Could you give the data below again exactly, apart from the pictures?
[PROVIDED MATERIAL Boundary: Start]
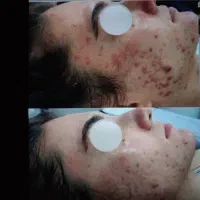 درمان تخصصی ،فیشال و اسیدتراپی و ماساژ درمانی صورت|خدمات آرایشگری و زیبایی|شیراز, رحمت‌آباد|دیوار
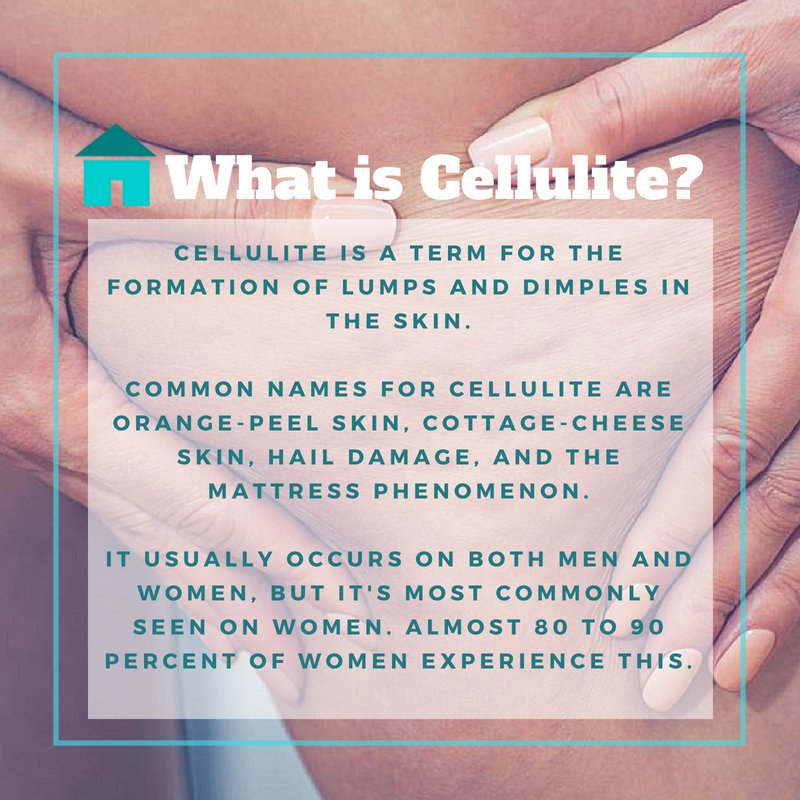 Skin House Beauty On Twitter Cellulite Is A Term For The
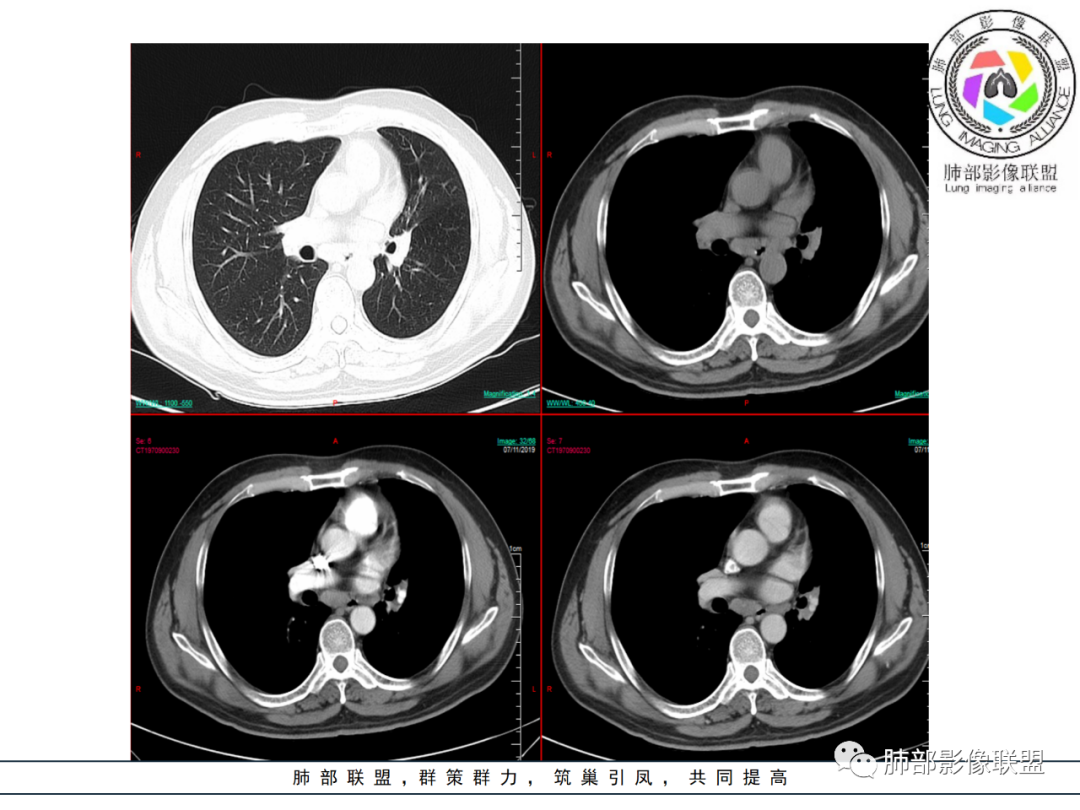【病例】易误诊的肺结核1例CT影像讨论 【病例】易误诊的肺结核1例CT影像讨论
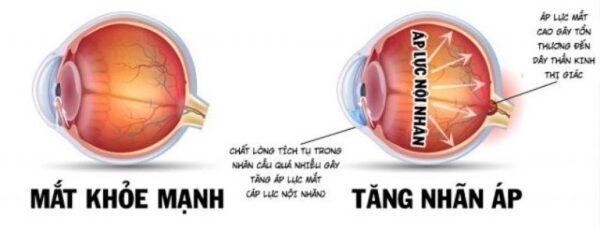 Giải đáp bệnh tăng nhãn áp xử trí hiệu quả-1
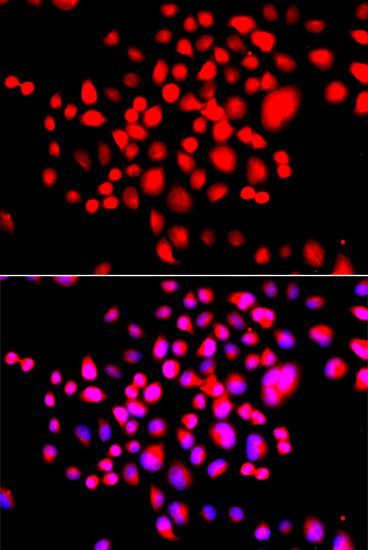 Immunofluorescence - STK19 antibody (144-013383)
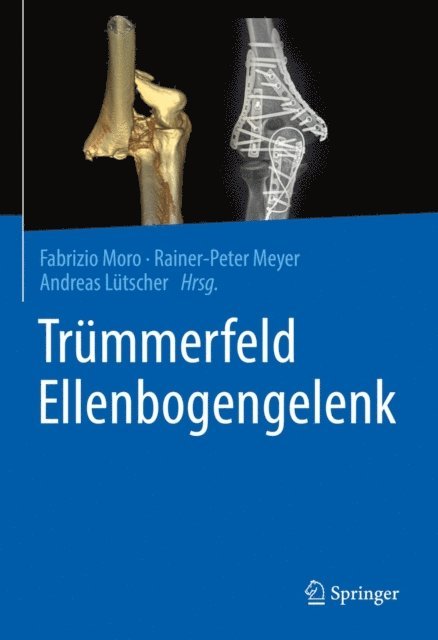 Andreas Lutscher, Rainer-Peter Meyer, Fabrizio Moro - Trümmerfeld Ellenbogengelenk, E-bok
[PROVIDED MATERIAL Boundary: End]
ANSWER TO THIS TASK ::
 درمان تخصصی ،فیشال و اسیدتراپی و ماساژ درمانی صورت|خدمات آرایشگری و زیبایی|شیراز, رحمت‌آباد|دیوار
 Skin House Beauty On Twitter Cellulite Is A Term For The
【病例】易误诊的肺结核1例CT影像讨论 【病例】易误诊的肺结核1例CT影像讨论
 Giải đáp bệnh tăng nhãn áp xử trí hiệu quả-1
 Immunofluorescence - STK19 antibody (144-013383)
 Andreas Lutscher, Rainer-Peter Meyer, Fabrizio Moro - Trümmerfeld Ellenbogengelenk, E-bok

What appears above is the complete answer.